No date has yet been given by the IOC for defining Russian participation at Pyeongchang 2018 ©Getty Images

Two International Olympic Committee (IOC) investigations into evidence of institutional doping in Russia still have no completion date as the Pyeongchang 2018 Winter Olympic Games draw ever closer.

Conclusions drawn by both the Schmid and Oswald investigations will be used to ascertain to what extent the world's largest country will participate at the event in the South Korean county in February.

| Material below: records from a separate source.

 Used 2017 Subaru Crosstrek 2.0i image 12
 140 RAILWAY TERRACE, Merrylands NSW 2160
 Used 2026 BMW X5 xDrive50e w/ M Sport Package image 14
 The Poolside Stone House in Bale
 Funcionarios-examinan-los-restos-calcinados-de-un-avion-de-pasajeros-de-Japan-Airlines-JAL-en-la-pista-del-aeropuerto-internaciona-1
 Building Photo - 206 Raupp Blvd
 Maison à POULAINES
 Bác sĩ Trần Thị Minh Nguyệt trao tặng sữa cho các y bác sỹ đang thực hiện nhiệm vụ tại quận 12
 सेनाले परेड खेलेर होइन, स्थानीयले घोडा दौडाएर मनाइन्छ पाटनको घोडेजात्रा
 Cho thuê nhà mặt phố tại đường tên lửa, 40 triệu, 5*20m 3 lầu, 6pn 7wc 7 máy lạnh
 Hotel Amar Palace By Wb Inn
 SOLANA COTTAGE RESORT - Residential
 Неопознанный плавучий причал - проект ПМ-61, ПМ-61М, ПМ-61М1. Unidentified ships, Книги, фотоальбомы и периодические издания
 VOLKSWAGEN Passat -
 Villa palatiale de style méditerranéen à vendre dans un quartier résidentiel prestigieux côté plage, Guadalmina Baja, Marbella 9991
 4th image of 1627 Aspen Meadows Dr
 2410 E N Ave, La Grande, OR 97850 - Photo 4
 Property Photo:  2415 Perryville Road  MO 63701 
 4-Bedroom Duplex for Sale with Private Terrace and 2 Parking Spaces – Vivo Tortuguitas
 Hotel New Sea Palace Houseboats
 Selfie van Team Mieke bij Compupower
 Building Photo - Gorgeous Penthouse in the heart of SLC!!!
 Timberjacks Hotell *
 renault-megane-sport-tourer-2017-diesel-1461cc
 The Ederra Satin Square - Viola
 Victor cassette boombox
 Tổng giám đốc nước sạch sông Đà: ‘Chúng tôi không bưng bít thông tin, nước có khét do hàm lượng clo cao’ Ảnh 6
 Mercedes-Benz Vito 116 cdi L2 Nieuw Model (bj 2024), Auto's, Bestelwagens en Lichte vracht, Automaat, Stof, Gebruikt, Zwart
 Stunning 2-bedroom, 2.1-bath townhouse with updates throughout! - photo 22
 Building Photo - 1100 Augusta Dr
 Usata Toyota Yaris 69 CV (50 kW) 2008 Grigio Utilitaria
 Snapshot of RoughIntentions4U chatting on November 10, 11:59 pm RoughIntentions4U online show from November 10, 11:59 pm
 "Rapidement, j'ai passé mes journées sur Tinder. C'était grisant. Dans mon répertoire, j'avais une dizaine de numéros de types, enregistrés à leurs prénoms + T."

Evidence provided by former Moscow Laboratory director Grigory Rodchenkov formed the centrepiece of last year's World Anti-Doping Agency (WADA)-commissioned McLaren Report, that alleged up to 15 home medal winners at the 2014 Winter Olympics and Paralympics in Sochi benefited from the illegal tampering of urine samples.

The IOC have repeatedly expressed hope that the two probes would be completed by the "start of the winter season" in October.

When contacted by insidethegames, however, a spokesperson answered "nothing new yet" when asked if there was a more precise time-frame or other requirements. 

The IOC's Schmid investigation is attempting to prove that samples were manipulated in Sochi while also probing who is to blame within Russia for the doping problems. 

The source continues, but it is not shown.